Task requirements:
Set down, exactly as they stand, the lines from the one containing "a house built" through the last line of the records below, leaving every picture out.

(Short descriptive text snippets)
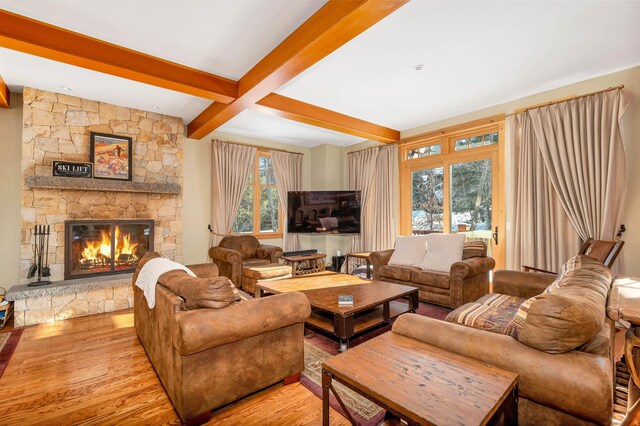 living room featuring coffered ceiling, beam ceiling, light hardwood / wood-style flooring, and a stone fireplace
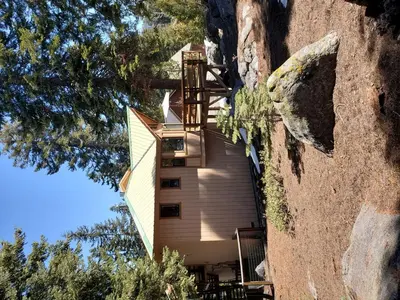 a house built into a cliff with a tree at Blue Jay's Nest Sequoia Cabin in Ponderosa, CA in Ponderosa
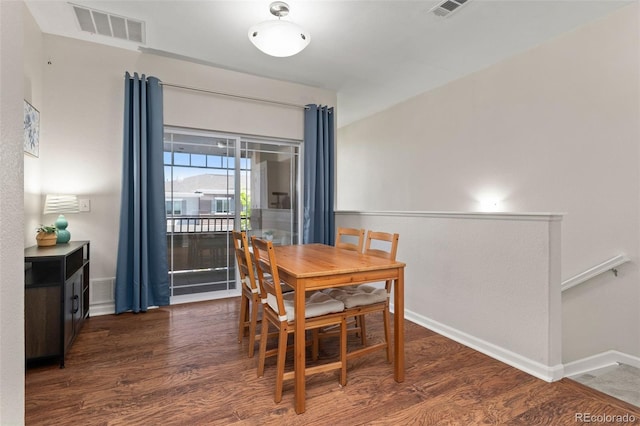 837 E 98th Ave Unit 405, Thornton, CO 80229 - dining room with wood finished floors and baseboards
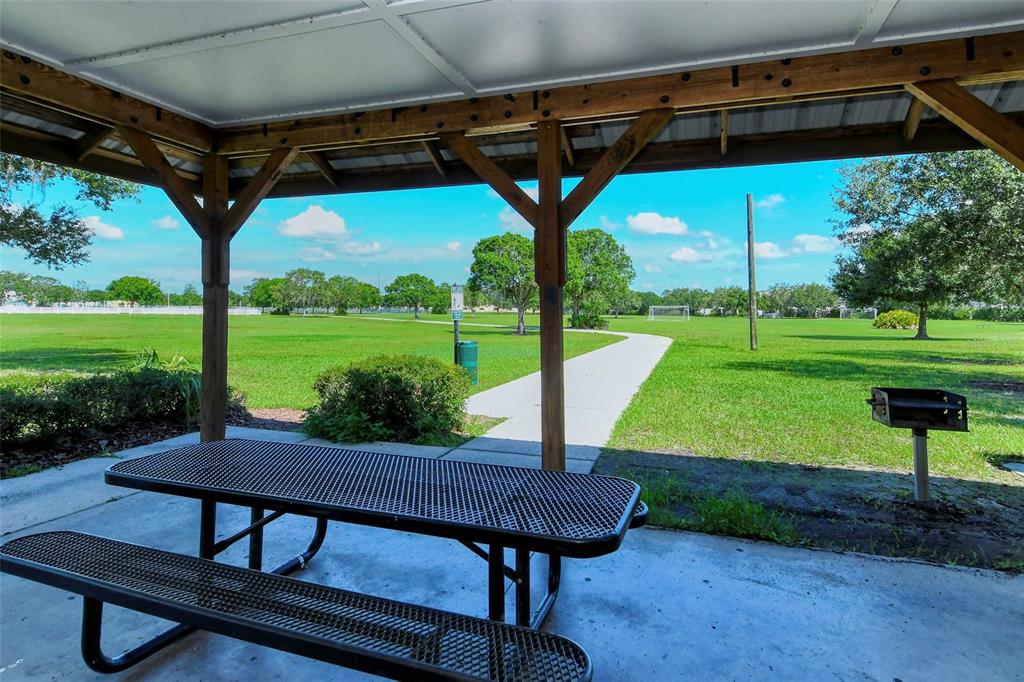 6213 Willet Court Lakewood Ranch, FL 34202 - Photo 48 of 74 a view of a porch with furniture and a yard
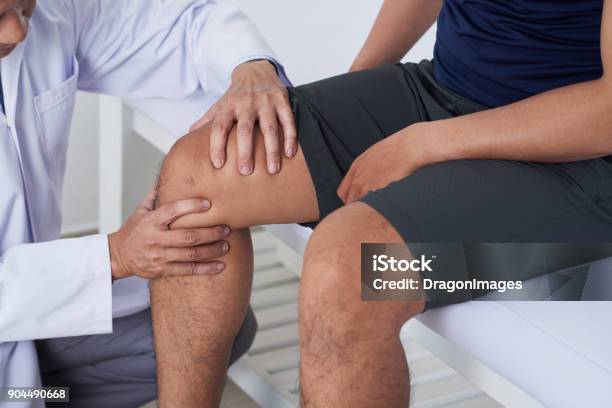 Examining Knee Stock Photo - Download Image Now - Knee, Pain, Medical Exam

Task output:
 a house built into a cliff with a tree at Blue Jay's Nest Sequoia Cabin in Ponderosa, CA in Ponderosa
 837 E 98th Ave Unit 405, Thornton, CO 80229 - dining room with wood finished floors and baseboards
 6213 Willet Court Lakewood Ranch, FL 34202 - Photo 48 of 74 a view of a porch with furniture and a yard
 Examining Knee Stock Photo - Download Image Now - Knee, Pain, Medical Exam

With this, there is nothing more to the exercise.